Once more he led the way and Peter followed. As they drew near that certain pine-tree, a short whistled note caused them to look up. Busily at work on a pine cone near the top of a tree was a bird about the size of Bully the English Sparrow. He was dressed wholly in dull red with brownish-black wings and tail.

“What did I tell you?” cried Jumper. “There's Snipper this very minute, and over in that next tree are a lot of his family and relatives. See in what a funny way they climb about among the branches. They don't flit or hop, but just climb around. I don't know of any other bird anywhere around here that does that.”

Just then a seed dropped and landed on the snow almost in front of Peter's nose. Almost at once Snipper himself followed it, picking it up and eating it with as much unconcern as if Peter and Jumper were a mile away instead of only a foot or so. The very first thing Peter noticed was Snipper's bill. The upper and lower halves crossed at the tips. That bill looked very much as if Snipper had struck something hard and twisted the tips over.

“Have—have—you met with an accident?” he asked a bit hesitatingly.

Snipper looked surprised. “Are you talking to me?” he asked. “Whatever put such an idea into your head?”

“Your bill,” replied Peter promptly. “How did it get twisted like that?”

Snipper laughed. “It isn't twisted,” said he. “It is just the way Old Mother Nature made it, and I really don't know what I'd do if it were any different.”

Peter scratched one long ear, as is his way when he is puzzled. “I don't see,” said he, “how it is possible for you to pick up food with a bill like that.”

“And I don't see how I would get my food if I didn't have a bill like this,” retorted Snipper. Then, seeing how puzzled Peter really was, he went on to explain. “You see, I live very largely on the seeds that grow in pine cones and the cones of other trees. Of course I eat some other food, such as seeds and buds of trees. But what I love best of all are the seeds that grow in the cones of evergreen trees. If you've ever looked at one of those cones, you will understand that those seeds are not very easy to get at. But with this kind of a bill it is no trouble at all. I can snip them out just as easily as birds with straight bills can pick up seeds.
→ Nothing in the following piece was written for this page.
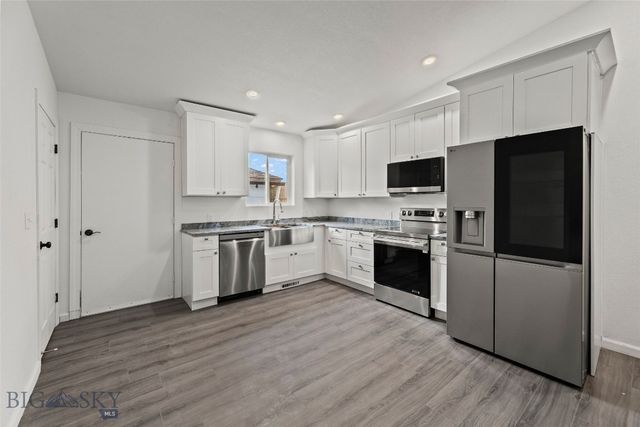 524 N M Street A, Livingston, MT 59047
You see my bill is very much like a pair of scissors.”

“It really is very wonderful,” confessed Peter. “Do you mind telling me, Snipper, why I never have seen you here in summer?”

“For the same reason that in summer you never see Snowflake and Wanderer the Horned Lark and some others I might name,” replied Snipper. “Give me the Far North every time. I would stay there the year through but that sometimes food gets scarce up there. That is why I am down here now. If you'll excuse me, I'll go finish my breakfast.”
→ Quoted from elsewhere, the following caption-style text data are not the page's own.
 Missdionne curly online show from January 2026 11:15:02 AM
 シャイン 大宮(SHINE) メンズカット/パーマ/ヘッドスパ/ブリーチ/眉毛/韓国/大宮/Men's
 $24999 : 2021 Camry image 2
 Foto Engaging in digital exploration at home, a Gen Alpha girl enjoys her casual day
Snipper flew up in the tree where the other Crossbills were at work and Peter and Jumper watched them.

“I suppose you know,” said Jumper, “that Snipper has a cousin who looks almost exactly like him with the exception of two white bars on each wing. He is called the White-winged Crossbill.”
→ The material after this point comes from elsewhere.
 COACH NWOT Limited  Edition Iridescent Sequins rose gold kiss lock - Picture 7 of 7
“I didn't know it,” replied Peter, “but I'm glad you've told me. I certainly shall watch out for him. I can't get over those funny bills. No one could ever mistake it for any other bird. Is there anyone else now from the Far North whom I haven't seen?”

CHAPTER XLIV. More Folks in Red.

Jumper the Hare didn't have time to reply to Peter Rabbit's question when Peter asked if there was any one else besides the Crossbills who had come down from the Far North.

“I have,” said a voice from a tree just back of them.

It was so unexpected that it made both Peter and Jumper hop in startled surprise. Then they turned to see who had spoken. There sat a bird just a little smaller than Welcome Robin, who at first glance seemed to be dressed in strawberry-red. However, a closer look showed that there were slate-gray markings about his head, under his wings and on his legs. His tail was brown. His wings were brown, marked with black and white and slate. His bill was thick and rather short.

“Who are you?” demanded Peter very bluntly and impolitely.

“I'm Piny the Pine Grosbeak,” replied the stranger, seemingly not at all put out by Peter's bluntness.

“Oh,” said Peter. “Are you related to Rosebreast the Grosbeak who nested last summer in the Old Orchard?”

“I certainly am,” replied Piny. “He is my very own cousin. I've never seen him because he never ventures up where I live and I don't go down where he spends the winter, but all members of the Grosbeak family are cousins.”

“Rosebreast is very lovely and I'm very fond of him,” said Peter. “We are very good friends.”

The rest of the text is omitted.